An immersion blender could be the MVP of your kitchen

For her latest book, she has added to that list.

Before she mentions even a single recipe in “Good Things: Recipes and Rituals to Share With People You Love — A Cookbook,” Nosrat shares a spread of her “unexpectedly essential” kitchen gear, which includes one piece she used to dread but now adores: the immersion blender.

Nosrat’s culinary career began at Chez Panisse, where she worked her way up from food runner to cook over two years. Nosrat was often on soup duty at Alice Waters’ acclaimed Berkeley, California, bistro, which was a trailblazer in the farm-to-table movement.

“We’d use the immersion blender as the first step, then we’d have you transfer it into a smaller, normal-sized Vitamix blender, batch by batch, to get the smoothest, satin-iest texture,” Nosrat told CNN. “I had a vendetta against the immersion blender, because if I’m going to have to transfer it into the Vitamix countertop blender to puree it anyway, why bother? It took forever and felt like this huge burden to do this for 10-to-15-gallon pots of soup.”

At home, you’re making much less soup, Nosrat conceded, but those messy, fussy memories were hard for her to erase. For years, every time she saw an immersion blender, she would have a visceral reaction“I had this dread in my stomach,” she said. “The idea of blending a soup was restaurant-sized dread, even when it was applied to a home-sized meal.”

All of that changed when Nosrat realized she could skip a step. Frustrated after one too many countertop blender mishaps spilling on her clothes or spraying the contents onto the ceiling, Nosrat decided to stick with the stick blender while developing a recipe for butternut squash and green curry soup.

“I’m just at home and not trying to serve this to people in fine dining circumstances, so I figured it might be fine. It was, and that single recipe changed everything,” Nosrat said.

In fact, the immersion blender breakthrough was so impactful that Nosrat decided to pay tribute to that creation with the Curried Carrot and Coconut Soup that stars in her latest cookbook (recipe below).

“Once I realized that creamy soup does just fine with the immersion blender only, it felt like a liberation,” she added.

As soon as the handheld blender was back in her good graces, Nosrat discovered two more stellar uses: for whipping up quick mayos and salad dressings.

“I have grown to love using it for making a small amount of an emulsion,” she said, referring to the process of mixing two liquids that normally don’t like to combine.

Want to try it out? Round up a small mason jar, add an egg, 1 tablespoon lemon juice, and 1 cup of a neutral-flavored oil, and blitz.

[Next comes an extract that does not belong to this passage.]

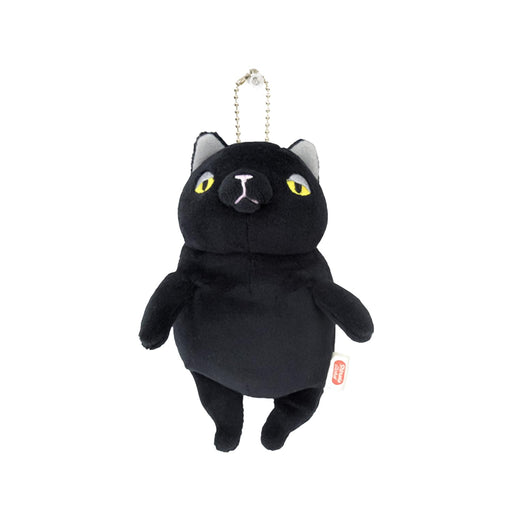 Shinada Global Mochi Mini Plush Black Cat 7x5x14cm Animal Toy Mochi Neko Series- Japan Figure Store - #1 Bring To You The Best Japanese Goods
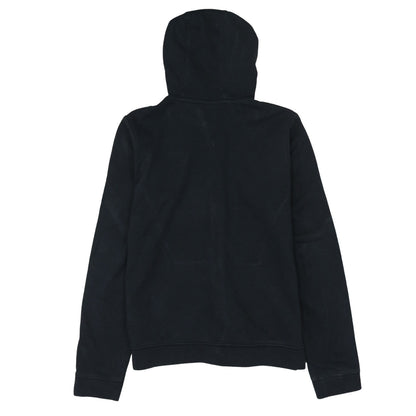 Nike Boys Black XL Full Zip Fleece Hoodie with Logo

In less than a minute, you have mayonnaise.

“If I were doing it by hand, I’d have to invest a ton of time and energy to whisk it,” Nosrat said. “Using a narrow jar and the immersion blender, it comes together quickly and easily since the blade is small and the ingredients are much closer together and more compressed than they would be in a large bowl.”

The same secret comes in clutch for salad dressings such as a Caesar or the creamy oregano dressing in “Good Things.” Besides being quick and easy to emulsify, “the idea that I can make the dressing in the same jar that I store it in has been a revelation for me,” she added. Just add a lid and pop any extra in the refrigerator for tomorrow.